Bela Lugosi is about to wrestle with a giant, stolen, cloth octopus in freezing water.
His friend and director Ed Wood forgot the motor that makes the creature’s limbs work. So, Lugosi will, in a moment, through his old body on the ground and flap around to make it seem like he’s fighting for his life.
But first, he needs to rant.
“After I did Dracula, the studio offered me Frankenstein! But I turned it down, the part wasn’t sexy enough. It was too degrading for a big star like me,” Bela moans.
Knowing that this could go on for some time, and will probably include a section on how Boris Karloff was a no talent hack, Wood gently chides his star.
“Bela, I’ve got twenty-five scenes to shoot tonight,” Wood says.

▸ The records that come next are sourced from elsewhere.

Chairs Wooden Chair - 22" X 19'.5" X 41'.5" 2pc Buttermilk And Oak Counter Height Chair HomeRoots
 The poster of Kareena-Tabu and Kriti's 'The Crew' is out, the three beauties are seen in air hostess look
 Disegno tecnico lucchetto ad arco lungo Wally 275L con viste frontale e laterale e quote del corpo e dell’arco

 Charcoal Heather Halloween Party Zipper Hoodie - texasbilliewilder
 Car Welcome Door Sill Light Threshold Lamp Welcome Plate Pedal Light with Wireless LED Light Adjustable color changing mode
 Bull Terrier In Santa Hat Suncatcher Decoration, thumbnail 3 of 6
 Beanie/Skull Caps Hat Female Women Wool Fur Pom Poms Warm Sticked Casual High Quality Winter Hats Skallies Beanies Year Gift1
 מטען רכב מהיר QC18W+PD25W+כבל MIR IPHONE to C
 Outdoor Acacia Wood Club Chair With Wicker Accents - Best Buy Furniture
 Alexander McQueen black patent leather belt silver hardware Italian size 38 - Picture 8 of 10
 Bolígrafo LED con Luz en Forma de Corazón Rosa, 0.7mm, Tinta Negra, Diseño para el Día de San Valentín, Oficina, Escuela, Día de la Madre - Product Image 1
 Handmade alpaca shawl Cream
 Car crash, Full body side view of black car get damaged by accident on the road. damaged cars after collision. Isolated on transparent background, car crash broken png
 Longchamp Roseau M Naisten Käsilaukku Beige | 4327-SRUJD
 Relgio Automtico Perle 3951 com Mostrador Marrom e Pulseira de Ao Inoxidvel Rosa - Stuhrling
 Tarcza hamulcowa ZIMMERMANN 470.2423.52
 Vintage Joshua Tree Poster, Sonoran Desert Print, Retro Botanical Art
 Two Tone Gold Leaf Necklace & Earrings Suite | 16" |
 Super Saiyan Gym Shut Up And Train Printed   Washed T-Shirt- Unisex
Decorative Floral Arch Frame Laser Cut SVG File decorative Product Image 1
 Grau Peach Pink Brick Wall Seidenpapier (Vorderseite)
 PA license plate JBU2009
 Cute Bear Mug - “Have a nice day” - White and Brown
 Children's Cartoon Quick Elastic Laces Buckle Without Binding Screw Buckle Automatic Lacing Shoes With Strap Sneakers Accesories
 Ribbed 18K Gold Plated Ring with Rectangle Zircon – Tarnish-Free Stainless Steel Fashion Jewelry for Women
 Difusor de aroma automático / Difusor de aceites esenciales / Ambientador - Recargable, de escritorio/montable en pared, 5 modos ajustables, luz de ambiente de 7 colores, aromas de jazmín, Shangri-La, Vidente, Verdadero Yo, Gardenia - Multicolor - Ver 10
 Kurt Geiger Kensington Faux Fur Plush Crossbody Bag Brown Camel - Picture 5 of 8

“Don’t let me slow you down,” Lugosi replies.
It is a perfect scene in a perfect movie about people who don’t give up even when they get dashed on the rocks of life. People who don’t give up, even when maybe they should.
Tim Burton’s film, Ed Wood, is ostensibly about the infamous writer, director, and producer of notoriously bad movies, but while Wood drives the action, Burton clearly wants us to sit with aging, drug addicted, and lonely Bela Lugosi.
Lugosi, having been a movie titan, is washed up, broke and in the final stages of his life. Wood is a fan and a wannabe director who believes that Lugosi can give him a shot at Hollywood success. Their friendship gives Lugosi a chance to act and to dream again.
And Lugosi props up a guy who, very famously, does not have what it takes.
“At Universal, they shot two scenes a day. Eddie can knock off twenty or thirty! He’s incredible,” Lugosi says.
Ed Wood was the last of the Tim Burton movies that I wished to see but still had not seen. If it’s not his best (my father wasn’t an actor but my father was very much the guy from Big Fish, so I’m particularly partial to that one) it’s near the top of the list.
Ed Wood is amusing, though, rarely laugh out loud funny. Except, when I went back and read the script I started laughing out loud at the dialogue.
Late in the movie Bela’s stand-in is doing an impression of him and it is the standard, “I vant to suck your blood.”
Bill Murray, playing one of Bela and Ed’s close friends, Bunny Breckinridge, has a better suggestion.
“Let’s hear you call Boris Karloff a cocksucker.”
Ok, I howled at that one in the movie and I am howling now thinking about it. It’s interesting to me that the script is funnier than the movie, but I think there’s some genius of Burton and his actors in there. These aren’t caricatures, they are real people who lived and loved and died trying. They are funny people, but you want to laugh with them (not at them) even when they probably deserve to be laughed at.
So in the hands of Martin Landau, Bela Lugosi is frail and sad and funny. He may be a joke to most of the world but to his friend Eddie he’s still a giant of the silver screen.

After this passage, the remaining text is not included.